Diagram describing the filtering process in our analysis

This left us with 204 chemicals of interest. For each of these chemicals, we calculated two metrics: (1) a ratio of the very highest prescribers to more moderate prescribers (the high:mid centile ratio) and (2) kurtosis, roughly a measure of how much of your data occurs at the extreme ends of your distribution. We used these metrics to rank out candidates to focus on those chemicals that are the most extreme outliers.

So what did you find?

Each of our 204 candidate chemicals are shown on the plot below, plotted by the two outlier metrics. The top 5 results for each measurement are highlighted in orange.

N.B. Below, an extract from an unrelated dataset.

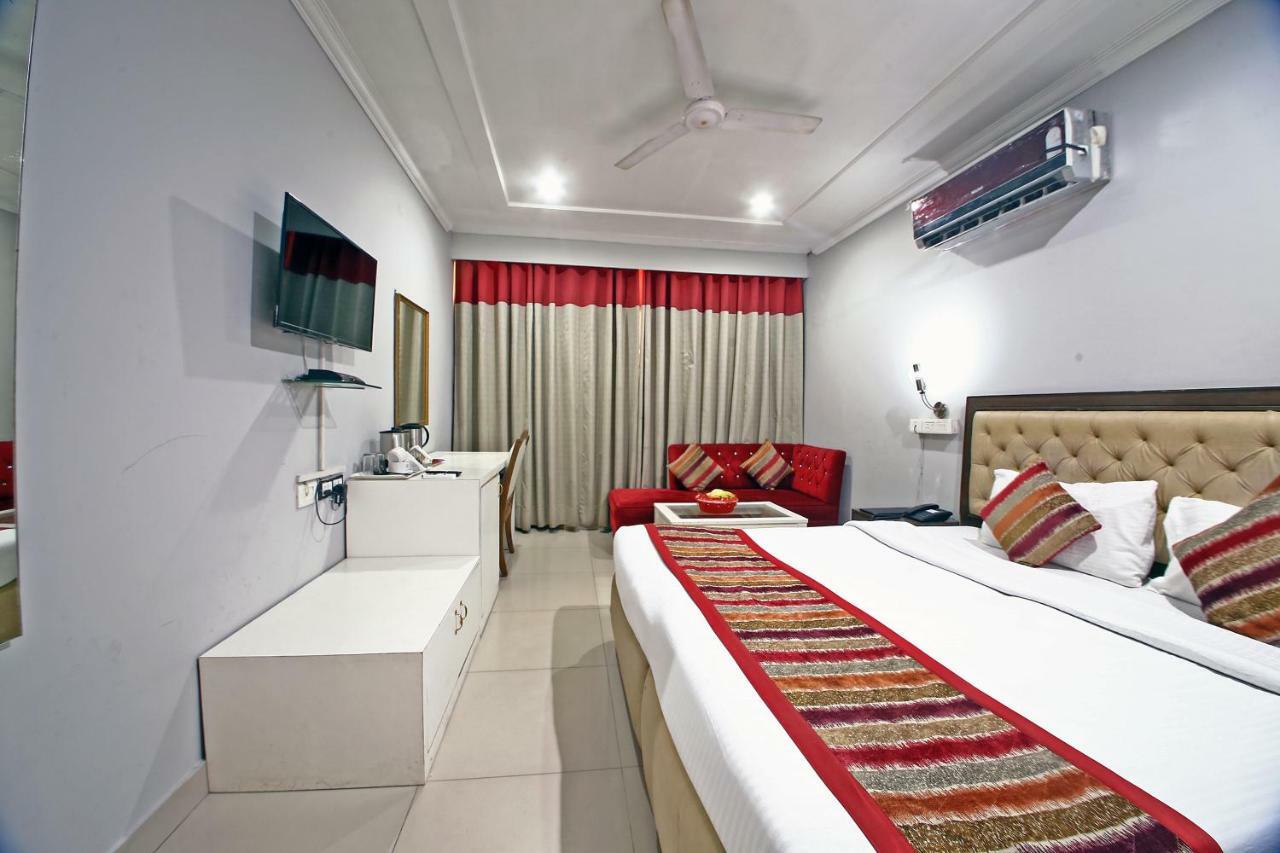 Hotel Diamond Plaza Chandīgarh Eksteriør billede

Plot showing all 204 candidate chemicals ranked by the outlier metrics

Two relatively rare antipsychotics—pericyazine and promazine hydrochloride—stood out to our clinical staff (they are highlighted in bold in the plot above). We investigated this a little further to find out where these outliers were occuring, and we found that the higher prescribing rates were clustered geographically. The rate of pericyazine prescribing was 7.6 times higher in the East of England than it was nationally; similarly, the rate of promazine hydrochloride prescribing was 4.4 times higher in the North West of England than it was nationally. There were even more pronounced differences in specific CCGs. The maps below demonstrate the geographic clustering of these chemicals: the colour scale in each plot indicates the number of prescriptions per 1000 antipsychotic prescriptions in the corresponding geographic region.

A choropleth map of the East of England (right) and constitutent CCGs (left), showing prescribing rates of pericyazine

A choropleth map of the North East of England (right) and constitutent CCGs (left), showing prescribing rates of promazine hydrochloride

What next?

It wasn’t just pericyazine and promazine hydrochloride that looked to be interesting outliers: a couple of antibiotics (levofloxacin and cefadroxil) have been surfaced too. These could be interesting candidates to investigate in more detail.

More widely, we are always looking to expand our tool box with regards to analysing variability in healthcare data. This is just one of several different algorithms at various stages of development and testing that we are looking to deploy on OpenPrescribing, to help healthcare providers to prioritise and focus manual clinical audit and review.